I’ve had a couple people ask me about trying to recover the Printheads in an HP Scitex FB printer after reading my post about how I saved mine.
I didn’t get into the nitty gritty on it, and actually only say what I did in the last paragraph. As per my usual, I always intended to do a how-to or a YouTube video, on basically anything I work on, but usually everything is a rush and I don’t generally have videography equipment and/or the frame of mind to deal with recording when it happens. Some day… Some day.
JC was the latest to ask me about my procedure, and while I still didn’t make a YouTube video, I did go back to work and take some pictures.
NOTE: I DO NOT WORK FOR HP. I DID NOT GO THROUGH HP SCITEX TRAINING. I WORKED ON THE SCITEX FB500 AND FB750 FOR 4 YEARS AS AN OPERATOR AND AM NOW THE MAINTENANCE SUPERVISOR AT OUR PRINTSHOP (day job, not Fujupz Printing Division). I learned as much as I could from out HP Service Reps (they were ALWAYS willing to teach so they wouldn’t have to come out) and whatever help I could get from Tech Support over the phone. I had also found a Service Manual online at one point. IF YOU DO NOT FEEL YOU HAVE THE TECHNICAL ABILITY, DO NOT TEAR INTO YOUR $100,000+ MACHINE! I WILL NOT BE RESPONSIBLE FOR YOUR FUJUPZ! (Nailed it).
The first, and generally easiest thing I do (or get the new operator to do so I don’t have to) is clean the printheads. I like to get the lint free cloths and saturate until they’re very wet and try to squeeze the head flush into the jets. It generally doesn’t work well if you have a lot of jets out, but psychologically I always hope that that attempt will be the attempt that works. It should be noted that if you crashed your carriage majorly, like into a chunk of wood or against an uplifted edge of aluminum, you can still try the procedure, but if the jet holes are physically damaged there’s not a lot you can do beside to replace.

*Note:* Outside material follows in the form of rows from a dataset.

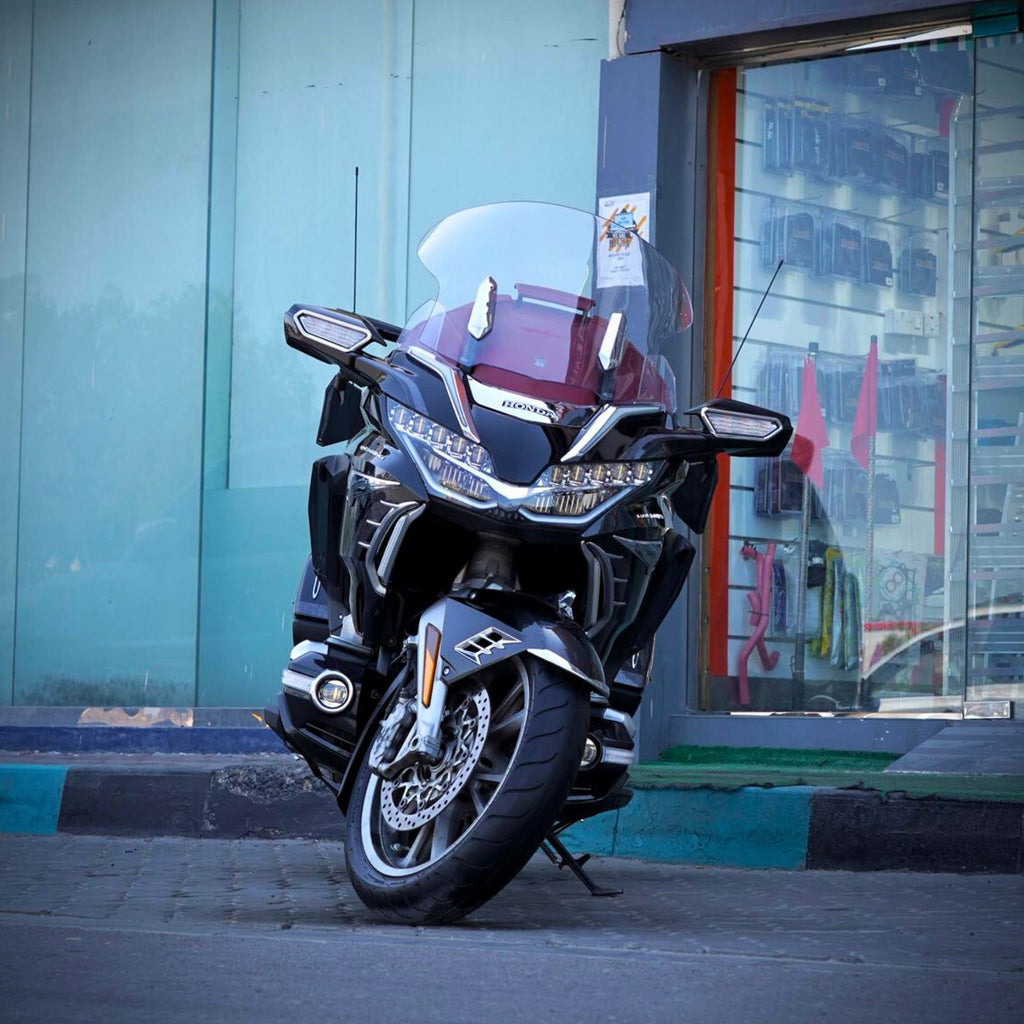 2022 Honda Gold Wing Limited DCT Touring Motorcycle In Abudhabi - 0555546678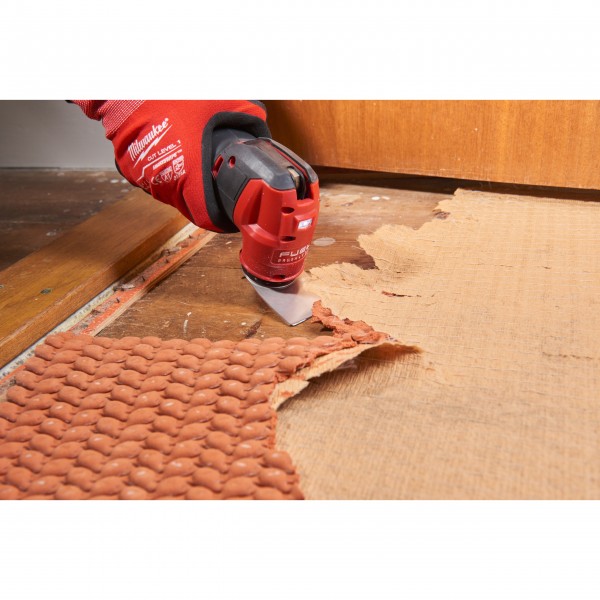 Skrobak ze stali wysokwęglowej 52x37mm Skrobak ze stali wysokwęglowej 52x37mm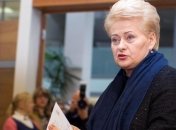 Президент Литвы утвердила состав нового правительства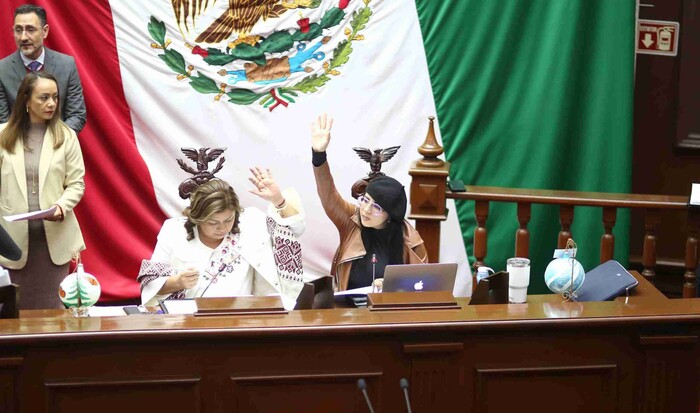 Respalda Vanhe Caratachea Reforma a la UMSNH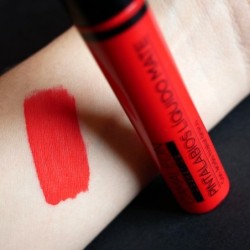 CAMALEON LABIAL LIQUIDO MATE ROJO FUEGO LM01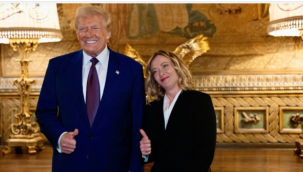 Trump: Meloni büyük hayranımdı, ama artık onu hayranım olarak istemiyorum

Next, try to let the carriage sit on top of a mass of head flush soaked lint free cloths. You can build up under the cloths to reach the carriage, lower the carriage manually and try to get it to sit on the cloths. I usually pull the carriage off the rail (CAREFULLY) and sit it on the cloths. You have to take the output roller off to do that, but once you do, you can pull the bottom of the carriage slightly toward you, lift up and pull away from the rail. You don’t have a lot of room to play with as belt that connects to the carriage is still there. Reinstalling is about the same but you have to make sure to align the encoder strip back into the encoder sensor without bending or damaging it. If you do, well then you need an encoder strip. This method may gain you come more jets printing. I’ve gained more from this method than just the cleaning with a supersaturated cloth.
Now we get into the territory of clogged jets that don’t get touched by the above. Generally HP recommends replacing the printheads when they’re like that, but if you’re using white ink, that’s 2 reservoirs and 4 Printheads. A printhead is roughly $1700 (depending on your source) so that’s $6800 right there. To some companies that may be just the cost of doing business (Like when the Heidelberg tech comes out and charges $20,000 for something fairly minor), but for us it’s usually the last option. Do we have anymore printheads from our Service Contract allotment? Do we even still have the Service Contract? Maybe and probably not.
The idea is to drain the ink from the printheads and reservoirs that feed the printheads, fill the reservoirs with head flush, wait, drain the flush from the reservoirs and printheads, and refill with ink. After it sits (I usually go overnight, though I’ve gone a matter of hours.. it depends on your situation), when I empty the flush from the printheads I watch at it spray from the jets, a flashlight is helpful. If you can see all your jets squirting, try refilling with ink, purge the air a couple times, and print some test patterns. If they’re not all looking like they’re printing, you’re better off just repeating the procedure of refilling the reservoirs with flush and letting it soak more. Refilling with ink prematurely is just a waste of ink as the emptying procedure wastes quite a bit (however much it uses when you switch from white to LC/LM and vice versa).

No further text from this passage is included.